La fraternité d’armes est aussi ambition collective
Elle est contraire à la logique de communauté, de club ou de secte. Pas plus qu’on ne choisit ses frères, le soldat ne choisit ses compagnons d’armes, qu’il soit chef, camarade ou subordonné. Les unités de l’armée française ont à bâtir leur cohésion à partir des hommes et des femmes qui leur sont affectés, sans en exclure aucun. A chaque membre un juste rôle au service de la mission commune. A la manière d’une famille où chacun apporte son talent et a droit à sa juste place, les unités font corps.
La fraternité d’armes est surtout finalité opérationnelle
Elle sous-tend le succès de la mission. Elle est esprit guerrier alliant loyauté, détermination et audace. Elle rappelle au soldat son impératif de victoire : il n’a pas d’obligation de moyens mais de résultat. Dans la violence et le désordre du combat, la confiance en ses pairs et ses chefs est indispensable pour agir malgré la peur et les dangers. La camaraderie, le sentiment d’appartenance et la conviction de contribuer à plus grand que soi poussent au dépassement.
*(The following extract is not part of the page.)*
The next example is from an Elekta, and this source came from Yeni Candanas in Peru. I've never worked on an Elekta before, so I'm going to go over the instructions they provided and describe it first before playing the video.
La fraternité d’armes dans nos armées est discipline
La hiérarchie est exacte :
- les chefs sont chargés de commander ;
- les subordonnés ont le devoir d’obéir. Ils le font selon des règles et des codes.
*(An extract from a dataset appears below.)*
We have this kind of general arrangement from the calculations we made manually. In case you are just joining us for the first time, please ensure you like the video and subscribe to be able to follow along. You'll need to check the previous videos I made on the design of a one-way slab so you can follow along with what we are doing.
Davantage qu’un modus vivendi qui permettrait une cohabitation acceptable, plus que l’égalité d’une cogestion, ou que l’unanimité d’une uniformité utopique, la discipline règle la diversité, assure la cohérence de l’unité et son efficacité en toute circonstance. Forte de son histoire et des épreuves qu’elle a traversées, l’armée de Terre sait que la discipline librement consentie fonde sa valeur opérationnelle. Elle sait que la cohésion naît de la tension vers un but commun ; que l’effort partagé est ferment d’unité et révélateur des caractères.
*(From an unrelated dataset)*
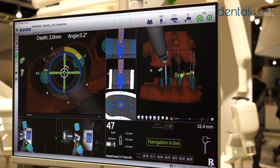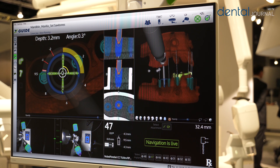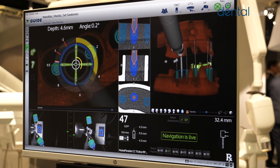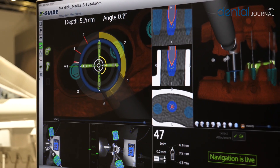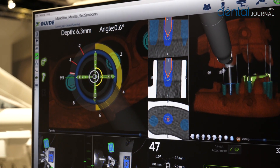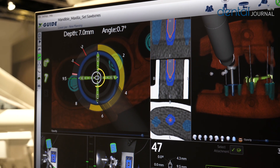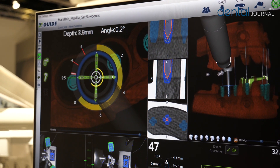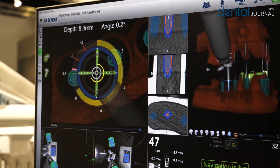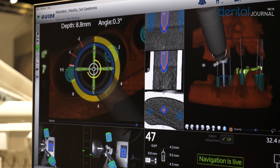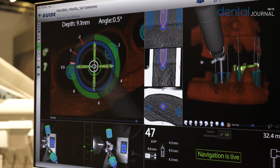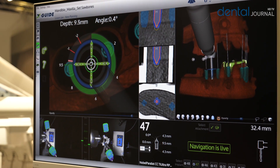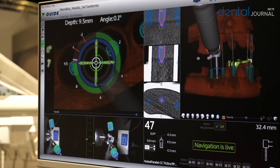As I drill down, you will see the depth meter, which is the yellow circle on the outside of the point, increasing. I'm going to stop when I get to my planned depth of 9.5 millimeters, because this is the implant that I planned in that position.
La fraternité d’armes est méthode
Elle ne va pas de soi. Elle n’est pas un slogan que l’on invoque pour se rassurer. Elle ne se décrète pas. Elle n’est jamais définitivement acquise. Elle se décide, s’apprend, s’entretient et se renforce. Elle a besoin de s’éprouver. Elle a besoin de se prouver. Elle est un combat car elle doit dépasser des réflexes inévitables au sein d’un groupe humain : jalousie, corporatisme, effet de bande et exclusion sont des poisons pernicieux. Nier ces tendances serait aussi vain que les ériger en obstacles rédhibitoires. La fraternité d’armes appelle avant tout la considération. Commander et faire travailler ensemble des hommes et des femmes aux aspirations différentes, aux compétences inégales, aux convictions diverses et aux origines variées constitue une gageure qui suppose éducation, maturité et intelligence collective.
Ce qui unit les formations de l’armée de Terre est plus grand que ce qui les divise. Les drapeaux et étendards des régiments en sont le symbole.
La devise de notre pays le clame
Liberté – Egalité – Fraternité.
L’armée de Terre a l’ambition et le devoir d’offrir à la Nation la plus belle image d’elle-même :
- celle d’une troupe unie par des liens fraternels ;
- celle d’une jeunesse qui se lève, prête à servir jusqu’à la victoire, même au prix du sacrifice suprême.